On Monday, December 4, 2017 at 1:11:41 AM UTC, Lawrence Crowell wrote:

    On Sunday, December 3, 2017 at 6:17:18 PM UTC-6,
    [email protected] wrote:



        On Sunday, December 3, 2017 at 7:42:30 PM UTC, Lawrence
        Crowell wrote:

            On Sunday, December 3, 2017 at 12:55:04 PM UTC-6, Jason
            wrote:


                I can understand how in the darwinian sense, it could
                makes predators and prey less successful.  But in the
                sense of humans, who have technologically escaped most
                of the darwinian pressures, could this idea not
                improve life on earth?


            The human species since the time of Australopithecus has
            worked to remove itself from the Darwinian world. With the
            development of stone tools and fire our early hominid
            ancestors took themselves off the menu. In turn they put
            more on their menu. We have been able to figure out how to
            untie any environmental constraint upon us and to further
            generate more positive feed backs.
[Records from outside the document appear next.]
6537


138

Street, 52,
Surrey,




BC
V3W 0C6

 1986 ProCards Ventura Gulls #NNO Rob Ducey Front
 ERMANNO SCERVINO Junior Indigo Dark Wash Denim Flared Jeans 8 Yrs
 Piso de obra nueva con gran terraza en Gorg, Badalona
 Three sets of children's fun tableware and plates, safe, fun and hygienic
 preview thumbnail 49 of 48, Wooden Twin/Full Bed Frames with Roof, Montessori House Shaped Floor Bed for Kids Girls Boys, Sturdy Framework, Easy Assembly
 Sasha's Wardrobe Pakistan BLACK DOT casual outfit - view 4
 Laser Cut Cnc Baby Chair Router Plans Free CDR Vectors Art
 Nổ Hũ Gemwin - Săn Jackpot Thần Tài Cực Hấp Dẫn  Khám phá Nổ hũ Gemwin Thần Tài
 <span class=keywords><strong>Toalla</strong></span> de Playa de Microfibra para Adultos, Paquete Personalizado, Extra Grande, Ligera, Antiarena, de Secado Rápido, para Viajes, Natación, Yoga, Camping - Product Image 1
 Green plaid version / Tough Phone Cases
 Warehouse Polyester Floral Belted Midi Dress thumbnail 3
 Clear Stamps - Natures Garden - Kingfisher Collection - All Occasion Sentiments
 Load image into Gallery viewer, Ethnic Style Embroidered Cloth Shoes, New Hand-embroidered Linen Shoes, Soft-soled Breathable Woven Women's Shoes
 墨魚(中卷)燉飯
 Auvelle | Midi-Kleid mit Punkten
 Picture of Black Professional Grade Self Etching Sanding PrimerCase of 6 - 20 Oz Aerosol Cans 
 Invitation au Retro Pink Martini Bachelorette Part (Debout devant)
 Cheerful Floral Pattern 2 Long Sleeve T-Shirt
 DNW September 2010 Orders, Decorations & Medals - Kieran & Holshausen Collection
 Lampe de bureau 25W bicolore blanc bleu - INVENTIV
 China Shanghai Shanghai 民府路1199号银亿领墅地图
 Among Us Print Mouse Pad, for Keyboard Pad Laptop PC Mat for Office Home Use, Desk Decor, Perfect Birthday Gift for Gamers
The results have not
            been an improvement of life on Earth. It has been rather
            the demolition of life as we replace naturally occurring
            systems with trash. The idea we are somehow improving
            things only might operate for ourselves, and frankly it
            might be argued it is for a subset of humans. In effect we
            are engineering the sixth mass extinction of life. The
            picture below illustrates an Albatross that has ingested
            plastic in the oceans and died. In the end this is the
            final legacy of Homo sapiens.

            LC


        Lawrence; dire situation to be sure, and we're losing precious
        time with the moron in the WH. Any chance that Darwinian
        evolution will solve the problem by selecting out species that
        can learn NOT to ingest plastics? AG


    Darwinian evolution or extinction will select out the species that
    produces the plastic. The plastic will then degrade or become
    buried. Curiously plastic and other materials will be buried away
    in geological layers for hundreds of millions of years. Life on
    Earth will be doing just fine 25 million years from now, in fact
    up to 500 million years or more. We will be fossils in sedimentary
    rock, along with our plastic stuff.


Why do you categorically deny the possibility of smart albatrosses, turtles, etc. which refuse to eat plastic? AG

I think it would be possible if plastic came in only a few consistent forms, say bottle tops, but plastic comes in many forms and it also breaks up into smaller pieces.  Wild life can learn to adapt to artificial environments.  My father told me that when he was young rurual electrification came to Texas.  Power lines appeared along the highways.  At first birds would fly into the wires and you would find birds with broken wings under the power lines.  But after a couple of years the birds seemed to learn and stopped hitting them.